Time for the US to Hold China Accountable for Sovereign Debt

Every nation ought to settle its sovereign debt. We are informed that default is not an option. Yet, has anybody told China? The People’s Republic of China owes the United States approximately $850 billion in interest. However, American bondholders hold China’s sovereign debt, which is currently in default.

This fact has been ignored by subsequent administrations in the United States, allowing normal trade and business with China to continue. Policymakers ought to reconsider this appalling failure of justice now that the relationship with China has soured and the People’s Republic of China has emerged as the greatest adversarial threat to Western and American security.

It’s time for some history. Prior to 1949, the Republic of China (ROC) issued a large quantity of long-term sovereign gold-denominated bonds to private investors and governments for the construction of infrastructure and financing of governmental activities. These bonds were secured by Chinese tax revenues. Set forth plainly, the China we realize today could never have been conceivable missing these bond contributions.

The ROC defaulted on its sovereign debt in 1938, during the conflict it was having with Japan. The ROC government fled to Taiwan after the communists won their military victory. In the end, the People’s Republic of China gained international recognition as China’s new government. The “successor government” doctrine holds that the current Chinese government, led by the Chinese Communist Party, is responsible for repaying the defaulted bonds in accordance with established international law.

These gold-denominated bonds are held by a small group of private Americans. The American Bondholders Foundation (ABF), a group led by citizens, is the trustee with power of attorney for around 20,000 bondholders whose bonds are worth well over $1 trillion.

A British settlement agreement on the same Chinese bonds was reached in 1987 as a result of Margaret Thatcher, the then-prime minister of the United Kingdom,’s tough negotiation stance regarding the return of Hong Kong to China. Thatcher stated that China needed to honor the Chinese sovereign debt held by British subjects that had defaulted in order to gain access to the capital markets in the United Kingdom. China agreed when presented with that stark choice.

Sadly, the United States did not adopt such a sensible stance. Despite publicly rejecting its sovereign debt obligations to American bondholders, China continues to have access to U.S. capital markets today.

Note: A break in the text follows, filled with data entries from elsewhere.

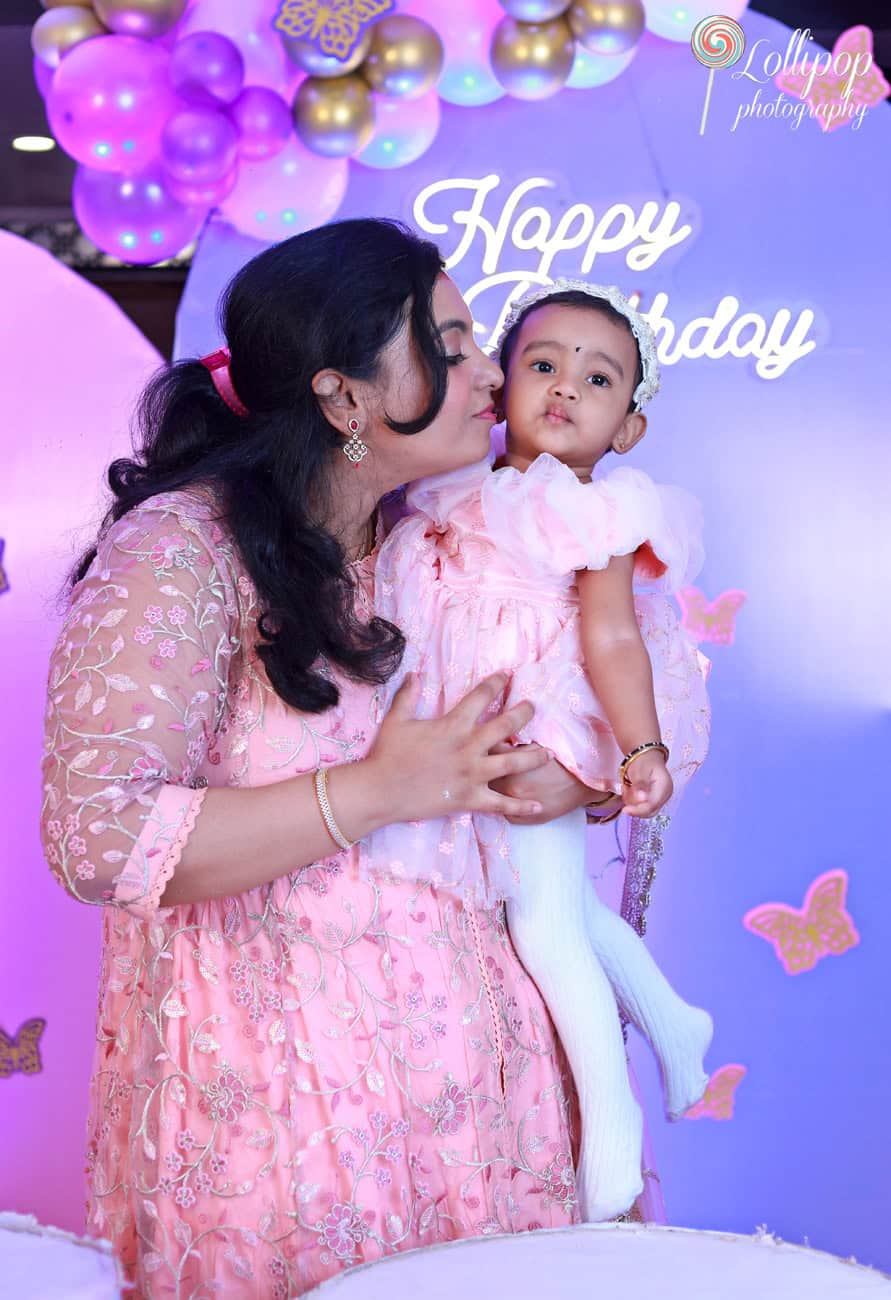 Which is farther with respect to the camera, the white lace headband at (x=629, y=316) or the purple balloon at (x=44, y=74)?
the purple balloon at (x=44, y=74)

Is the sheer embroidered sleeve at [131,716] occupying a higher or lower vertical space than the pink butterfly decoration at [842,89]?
→ lower

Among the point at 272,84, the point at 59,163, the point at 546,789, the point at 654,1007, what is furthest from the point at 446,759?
the point at 59,163

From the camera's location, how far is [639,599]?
6.45 ft

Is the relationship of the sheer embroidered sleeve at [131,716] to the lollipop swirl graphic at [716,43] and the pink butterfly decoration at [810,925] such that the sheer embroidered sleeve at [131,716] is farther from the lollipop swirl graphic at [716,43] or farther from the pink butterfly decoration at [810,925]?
the lollipop swirl graphic at [716,43]

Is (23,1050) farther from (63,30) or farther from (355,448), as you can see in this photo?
(63,30)

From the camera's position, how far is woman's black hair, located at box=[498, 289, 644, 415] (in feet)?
6.61

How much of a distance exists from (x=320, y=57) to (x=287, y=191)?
275 millimetres

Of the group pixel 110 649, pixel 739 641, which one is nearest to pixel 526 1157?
pixel 110 649

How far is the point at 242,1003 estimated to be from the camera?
1510mm

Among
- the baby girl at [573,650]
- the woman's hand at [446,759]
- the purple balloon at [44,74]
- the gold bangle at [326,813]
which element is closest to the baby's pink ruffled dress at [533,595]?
the baby girl at [573,650]

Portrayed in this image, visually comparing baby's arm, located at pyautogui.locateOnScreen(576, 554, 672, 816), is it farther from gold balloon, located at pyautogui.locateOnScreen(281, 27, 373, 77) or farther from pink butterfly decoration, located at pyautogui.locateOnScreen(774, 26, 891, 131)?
pink butterfly decoration, located at pyautogui.locateOnScreen(774, 26, 891, 131)

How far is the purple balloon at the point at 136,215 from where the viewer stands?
302cm

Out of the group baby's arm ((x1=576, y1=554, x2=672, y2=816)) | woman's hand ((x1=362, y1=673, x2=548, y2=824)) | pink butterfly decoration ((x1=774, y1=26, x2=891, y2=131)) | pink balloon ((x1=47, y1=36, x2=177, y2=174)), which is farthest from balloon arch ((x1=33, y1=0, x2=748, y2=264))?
woman's hand ((x1=362, y1=673, x2=548, y2=824))

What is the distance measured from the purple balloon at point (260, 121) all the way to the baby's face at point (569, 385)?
1205 mm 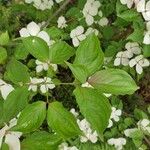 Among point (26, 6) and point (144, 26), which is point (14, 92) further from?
point (26, 6)

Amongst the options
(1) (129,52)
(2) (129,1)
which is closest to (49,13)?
(1) (129,52)

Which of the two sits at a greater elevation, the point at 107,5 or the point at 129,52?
the point at 107,5

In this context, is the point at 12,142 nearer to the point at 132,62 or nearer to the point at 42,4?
the point at 132,62

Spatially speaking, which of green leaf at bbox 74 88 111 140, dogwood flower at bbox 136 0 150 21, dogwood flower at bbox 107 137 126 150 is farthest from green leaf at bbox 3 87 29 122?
dogwood flower at bbox 107 137 126 150

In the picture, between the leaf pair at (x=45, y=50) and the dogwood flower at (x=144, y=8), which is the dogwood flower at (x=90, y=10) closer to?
the dogwood flower at (x=144, y=8)

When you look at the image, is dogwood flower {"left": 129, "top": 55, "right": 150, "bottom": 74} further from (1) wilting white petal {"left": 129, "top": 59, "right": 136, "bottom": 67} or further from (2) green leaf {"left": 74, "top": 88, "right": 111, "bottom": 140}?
(2) green leaf {"left": 74, "top": 88, "right": 111, "bottom": 140}

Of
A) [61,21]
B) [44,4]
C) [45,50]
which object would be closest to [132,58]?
[61,21] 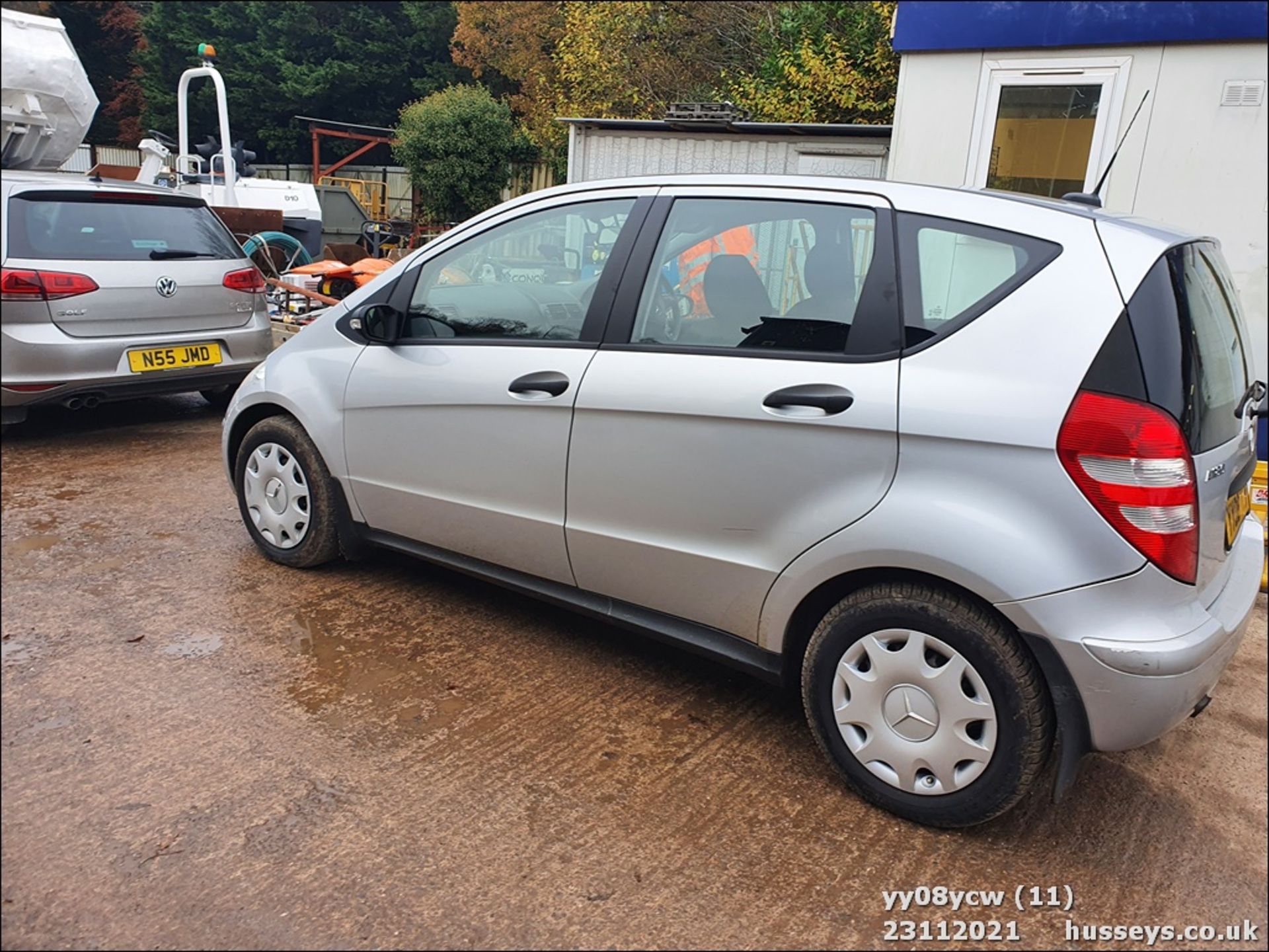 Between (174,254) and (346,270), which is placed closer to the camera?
(174,254)

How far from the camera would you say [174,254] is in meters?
2.20

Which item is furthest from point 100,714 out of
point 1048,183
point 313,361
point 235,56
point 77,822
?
point 1048,183

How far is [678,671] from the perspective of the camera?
304 centimetres

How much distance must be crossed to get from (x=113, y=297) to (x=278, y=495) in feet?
5.85

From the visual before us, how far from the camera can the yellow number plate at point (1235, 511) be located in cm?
220

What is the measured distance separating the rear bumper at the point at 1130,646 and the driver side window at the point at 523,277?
1.54 m

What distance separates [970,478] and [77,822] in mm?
1937

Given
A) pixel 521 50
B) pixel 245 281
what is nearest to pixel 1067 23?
pixel 245 281

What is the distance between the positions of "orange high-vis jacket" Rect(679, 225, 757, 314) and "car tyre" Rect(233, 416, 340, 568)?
1570mm

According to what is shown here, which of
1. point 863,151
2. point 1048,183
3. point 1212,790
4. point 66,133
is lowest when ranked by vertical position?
point 1212,790

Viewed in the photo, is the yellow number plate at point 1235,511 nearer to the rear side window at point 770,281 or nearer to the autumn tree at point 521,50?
the rear side window at point 770,281

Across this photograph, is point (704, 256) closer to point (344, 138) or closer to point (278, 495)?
point (278, 495)

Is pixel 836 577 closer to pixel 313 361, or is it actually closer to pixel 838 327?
pixel 838 327

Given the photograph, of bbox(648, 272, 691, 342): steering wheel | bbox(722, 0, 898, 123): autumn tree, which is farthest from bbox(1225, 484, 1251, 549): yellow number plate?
bbox(722, 0, 898, 123): autumn tree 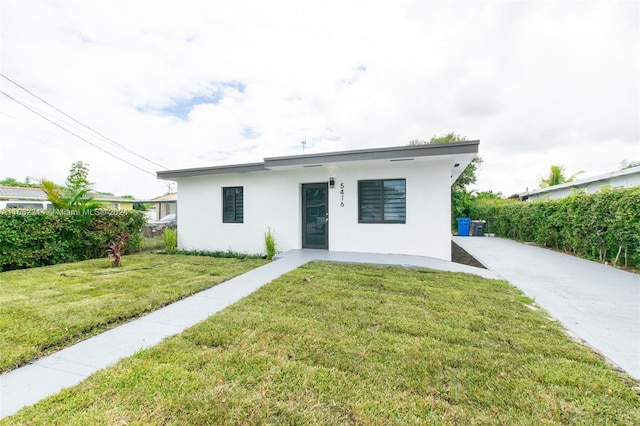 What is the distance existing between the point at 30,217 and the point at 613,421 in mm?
11161

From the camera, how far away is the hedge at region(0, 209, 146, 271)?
6.66 metres

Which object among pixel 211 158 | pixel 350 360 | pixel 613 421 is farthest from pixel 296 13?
pixel 211 158

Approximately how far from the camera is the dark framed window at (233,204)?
925 cm

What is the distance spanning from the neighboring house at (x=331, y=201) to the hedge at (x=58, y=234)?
1.93 metres

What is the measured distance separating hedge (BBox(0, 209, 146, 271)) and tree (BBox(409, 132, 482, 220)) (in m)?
16.6

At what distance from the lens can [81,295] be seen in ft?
14.6

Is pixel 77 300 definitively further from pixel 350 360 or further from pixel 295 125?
pixel 295 125

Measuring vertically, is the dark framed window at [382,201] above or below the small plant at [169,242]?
above

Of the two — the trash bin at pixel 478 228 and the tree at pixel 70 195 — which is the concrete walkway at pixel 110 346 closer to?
the tree at pixel 70 195

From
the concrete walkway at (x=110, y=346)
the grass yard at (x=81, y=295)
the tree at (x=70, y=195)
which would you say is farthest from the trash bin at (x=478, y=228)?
the tree at (x=70, y=195)

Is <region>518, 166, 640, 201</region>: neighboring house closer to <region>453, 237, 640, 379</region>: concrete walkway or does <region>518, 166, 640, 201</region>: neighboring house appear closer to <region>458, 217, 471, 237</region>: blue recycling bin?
<region>453, 237, 640, 379</region>: concrete walkway

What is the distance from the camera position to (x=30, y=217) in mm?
7008

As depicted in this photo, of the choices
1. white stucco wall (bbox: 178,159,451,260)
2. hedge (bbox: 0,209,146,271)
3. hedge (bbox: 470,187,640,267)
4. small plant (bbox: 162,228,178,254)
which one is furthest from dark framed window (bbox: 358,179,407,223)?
hedge (bbox: 0,209,146,271)

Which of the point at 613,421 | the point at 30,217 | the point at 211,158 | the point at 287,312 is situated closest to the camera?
the point at 613,421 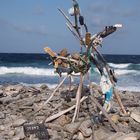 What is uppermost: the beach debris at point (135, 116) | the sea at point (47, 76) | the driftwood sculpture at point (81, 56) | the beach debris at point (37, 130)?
the driftwood sculpture at point (81, 56)

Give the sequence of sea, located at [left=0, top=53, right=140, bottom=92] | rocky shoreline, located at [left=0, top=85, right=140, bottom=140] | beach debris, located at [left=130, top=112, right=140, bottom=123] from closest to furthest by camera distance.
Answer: rocky shoreline, located at [left=0, top=85, right=140, bottom=140]
beach debris, located at [left=130, top=112, right=140, bottom=123]
sea, located at [left=0, top=53, right=140, bottom=92]

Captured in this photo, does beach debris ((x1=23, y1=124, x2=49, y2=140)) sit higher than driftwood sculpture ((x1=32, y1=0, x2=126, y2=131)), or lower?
lower

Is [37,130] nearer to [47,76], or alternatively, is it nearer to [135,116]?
[135,116]

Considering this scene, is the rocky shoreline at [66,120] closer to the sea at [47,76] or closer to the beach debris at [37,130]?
the beach debris at [37,130]

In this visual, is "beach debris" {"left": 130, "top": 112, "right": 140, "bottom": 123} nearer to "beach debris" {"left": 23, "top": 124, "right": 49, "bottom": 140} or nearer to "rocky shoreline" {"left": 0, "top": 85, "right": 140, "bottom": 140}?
"rocky shoreline" {"left": 0, "top": 85, "right": 140, "bottom": 140}

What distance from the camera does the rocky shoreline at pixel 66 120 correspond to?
9.41 metres

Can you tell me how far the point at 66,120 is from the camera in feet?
33.3

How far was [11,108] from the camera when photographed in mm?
11688

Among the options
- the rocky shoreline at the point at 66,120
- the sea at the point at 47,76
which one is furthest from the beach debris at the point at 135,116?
the sea at the point at 47,76

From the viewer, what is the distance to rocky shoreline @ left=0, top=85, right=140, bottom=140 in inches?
370

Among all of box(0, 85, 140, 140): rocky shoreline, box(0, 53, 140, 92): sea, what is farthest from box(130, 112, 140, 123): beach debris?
box(0, 53, 140, 92): sea

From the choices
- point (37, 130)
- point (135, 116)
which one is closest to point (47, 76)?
point (135, 116)

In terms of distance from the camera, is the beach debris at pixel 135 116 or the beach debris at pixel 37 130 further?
the beach debris at pixel 135 116

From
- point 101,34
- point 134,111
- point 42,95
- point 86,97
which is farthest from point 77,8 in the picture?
point 42,95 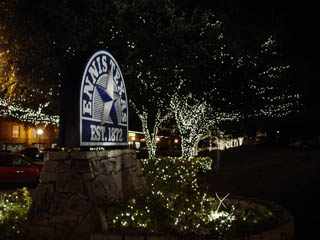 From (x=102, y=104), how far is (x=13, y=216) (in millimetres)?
2679

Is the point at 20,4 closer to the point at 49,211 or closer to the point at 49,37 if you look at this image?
the point at 49,37

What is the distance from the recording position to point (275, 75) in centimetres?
1759

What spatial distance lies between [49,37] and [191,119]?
8.68 m

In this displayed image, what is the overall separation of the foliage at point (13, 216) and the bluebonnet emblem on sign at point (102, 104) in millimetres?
1709

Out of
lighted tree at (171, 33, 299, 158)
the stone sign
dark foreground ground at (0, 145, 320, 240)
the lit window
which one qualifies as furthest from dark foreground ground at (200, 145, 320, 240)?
the lit window

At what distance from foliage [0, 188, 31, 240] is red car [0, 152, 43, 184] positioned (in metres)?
7.59

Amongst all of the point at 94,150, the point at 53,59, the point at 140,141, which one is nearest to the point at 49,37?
the point at 53,59

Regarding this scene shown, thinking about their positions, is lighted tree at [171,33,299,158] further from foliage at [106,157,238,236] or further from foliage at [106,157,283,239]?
foliage at [106,157,238,236]

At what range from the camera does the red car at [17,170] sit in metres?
14.4

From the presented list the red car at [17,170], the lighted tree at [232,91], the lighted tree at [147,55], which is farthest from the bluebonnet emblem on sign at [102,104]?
the lighted tree at [232,91]

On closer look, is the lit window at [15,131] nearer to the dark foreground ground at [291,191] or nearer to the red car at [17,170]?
the red car at [17,170]

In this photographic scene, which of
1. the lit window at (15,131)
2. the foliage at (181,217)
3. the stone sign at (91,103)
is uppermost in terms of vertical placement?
the lit window at (15,131)

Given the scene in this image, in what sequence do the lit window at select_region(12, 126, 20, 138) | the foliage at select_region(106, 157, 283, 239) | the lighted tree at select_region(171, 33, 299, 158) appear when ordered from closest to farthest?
1. the foliage at select_region(106, 157, 283, 239)
2. the lighted tree at select_region(171, 33, 299, 158)
3. the lit window at select_region(12, 126, 20, 138)

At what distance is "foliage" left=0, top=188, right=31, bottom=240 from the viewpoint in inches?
211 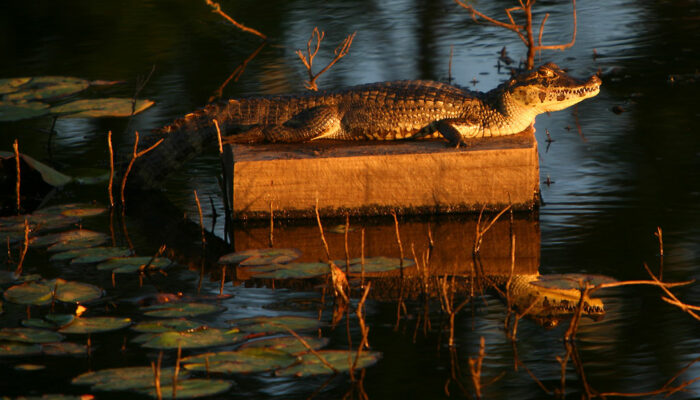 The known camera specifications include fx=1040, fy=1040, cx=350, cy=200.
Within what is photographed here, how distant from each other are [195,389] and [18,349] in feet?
3.05

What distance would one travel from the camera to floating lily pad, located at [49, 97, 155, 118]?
27.2 ft

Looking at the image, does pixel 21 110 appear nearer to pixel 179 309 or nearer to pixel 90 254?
pixel 90 254

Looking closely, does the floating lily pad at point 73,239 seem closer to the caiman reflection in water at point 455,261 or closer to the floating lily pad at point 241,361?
the caiman reflection in water at point 455,261

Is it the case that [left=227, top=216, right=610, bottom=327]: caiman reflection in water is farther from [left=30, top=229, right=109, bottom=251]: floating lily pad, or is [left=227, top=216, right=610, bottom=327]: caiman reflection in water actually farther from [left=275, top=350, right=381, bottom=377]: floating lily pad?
[left=30, top=229, right=109, bottom=251]: floating lily pad

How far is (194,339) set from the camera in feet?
13.9

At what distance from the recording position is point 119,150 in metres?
7.60

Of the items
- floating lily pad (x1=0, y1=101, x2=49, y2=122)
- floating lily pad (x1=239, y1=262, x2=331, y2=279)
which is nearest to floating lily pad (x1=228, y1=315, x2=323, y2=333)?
floating lily pad (x1=239, y1=262, x2=331, y2=279)

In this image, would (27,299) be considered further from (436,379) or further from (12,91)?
(12,91)

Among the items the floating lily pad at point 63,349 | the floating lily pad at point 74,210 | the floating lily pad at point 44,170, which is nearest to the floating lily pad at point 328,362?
the floating lily pad at point 63,349

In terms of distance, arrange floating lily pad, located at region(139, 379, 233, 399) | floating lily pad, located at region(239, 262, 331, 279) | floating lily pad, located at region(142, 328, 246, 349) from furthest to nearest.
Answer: floating lily pad, located at region(239, 262, 331, 279) < floating lily pad, located at region(142, 328, 246, 349) < floating lily pad, located at region(139, 379, 233, 399)

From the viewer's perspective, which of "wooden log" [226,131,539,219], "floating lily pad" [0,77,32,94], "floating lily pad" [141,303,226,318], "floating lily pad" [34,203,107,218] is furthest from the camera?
"floating lily pad" [0,77,32,94]

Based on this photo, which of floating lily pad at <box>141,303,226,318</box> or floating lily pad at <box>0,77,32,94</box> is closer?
floating lily pad at <box>141,303,226,318</box>

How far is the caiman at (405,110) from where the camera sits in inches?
243

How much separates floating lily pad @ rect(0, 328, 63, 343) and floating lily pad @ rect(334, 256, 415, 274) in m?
1.41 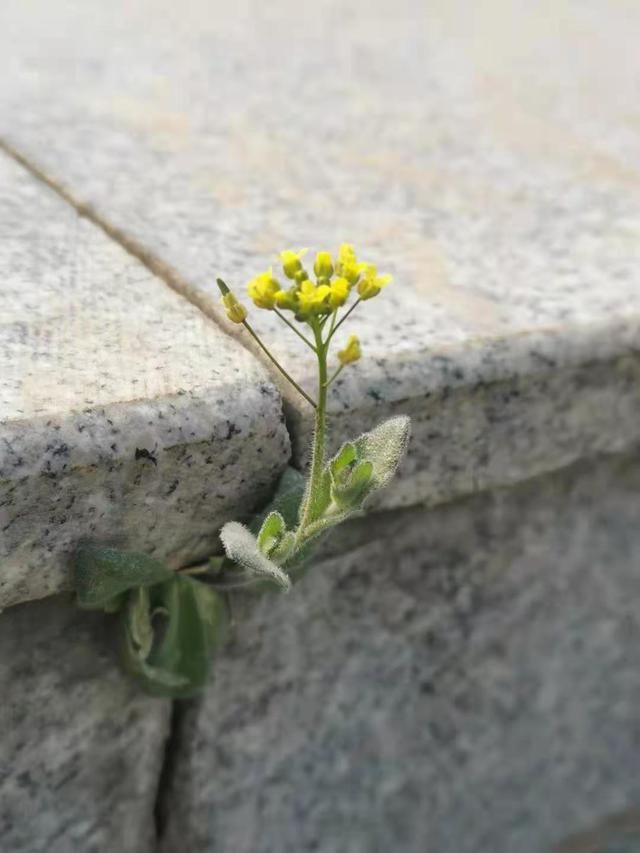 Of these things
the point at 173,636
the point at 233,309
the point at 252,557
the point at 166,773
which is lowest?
the point at 166,773

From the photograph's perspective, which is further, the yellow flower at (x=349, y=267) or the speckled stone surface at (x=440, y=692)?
the speckled stone surface at (x=440, y=692)

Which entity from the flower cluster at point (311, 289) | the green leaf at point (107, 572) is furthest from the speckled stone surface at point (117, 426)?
the flower cluster at point (311, 289)

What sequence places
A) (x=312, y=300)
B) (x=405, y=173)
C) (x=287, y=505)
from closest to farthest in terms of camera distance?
(x=312, y=300)
(x=287, y=505)
(x=405, y=173)

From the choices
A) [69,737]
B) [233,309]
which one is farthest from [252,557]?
[69,737]

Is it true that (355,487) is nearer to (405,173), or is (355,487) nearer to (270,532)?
(270,532)

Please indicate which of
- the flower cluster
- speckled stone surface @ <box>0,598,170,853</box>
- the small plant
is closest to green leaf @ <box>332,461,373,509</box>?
the small plant

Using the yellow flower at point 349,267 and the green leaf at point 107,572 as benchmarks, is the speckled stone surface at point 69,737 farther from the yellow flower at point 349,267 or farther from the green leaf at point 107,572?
the yellow flower at point 349,267

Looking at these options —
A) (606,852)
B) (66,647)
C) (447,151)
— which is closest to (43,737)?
(66,647) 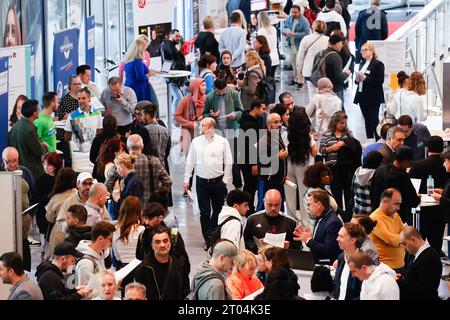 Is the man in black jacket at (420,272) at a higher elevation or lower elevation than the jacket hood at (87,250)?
lower

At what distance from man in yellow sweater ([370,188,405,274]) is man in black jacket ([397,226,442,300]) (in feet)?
2.68

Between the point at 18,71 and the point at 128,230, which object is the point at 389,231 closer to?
the point at 128,230

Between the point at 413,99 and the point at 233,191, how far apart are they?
5210mm

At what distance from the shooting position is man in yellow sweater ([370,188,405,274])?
1071cm

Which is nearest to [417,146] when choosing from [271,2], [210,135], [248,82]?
[210,135]

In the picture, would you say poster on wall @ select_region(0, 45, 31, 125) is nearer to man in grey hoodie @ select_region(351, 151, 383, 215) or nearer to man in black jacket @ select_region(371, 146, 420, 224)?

It doesn’t matter how old these bonds are, just in case anyone is curious. The fact that this is a sovereign obligation is what matters. In 2015, Great Britain made payments on bonds issued in the 18th century, and the German government made its final payment for World War I reparations in 2010.

The Biden administration and the Congress of the United States have a one-of-a-kind opportunity to uphold the internationally recognized principle that governments must pay their debts. The United States must view the repayment of China’s sovereign debt as essential to its interests in national security, just as the United Kingdom did in 1987. The United States government ought to take one, both, or neither of the two actions that are currently being discussed by members of Congress.

The first would be to acquire the Chinese bonds held by the ABF and use them to offset (partially or completely) China’s ownership of more than $850 billion in U.S. Treasury securities, thereby lowering the amount of daily interest paid to China by up to $95 million. The national debt would be reduced, and the United States’ financial situation would improve globally.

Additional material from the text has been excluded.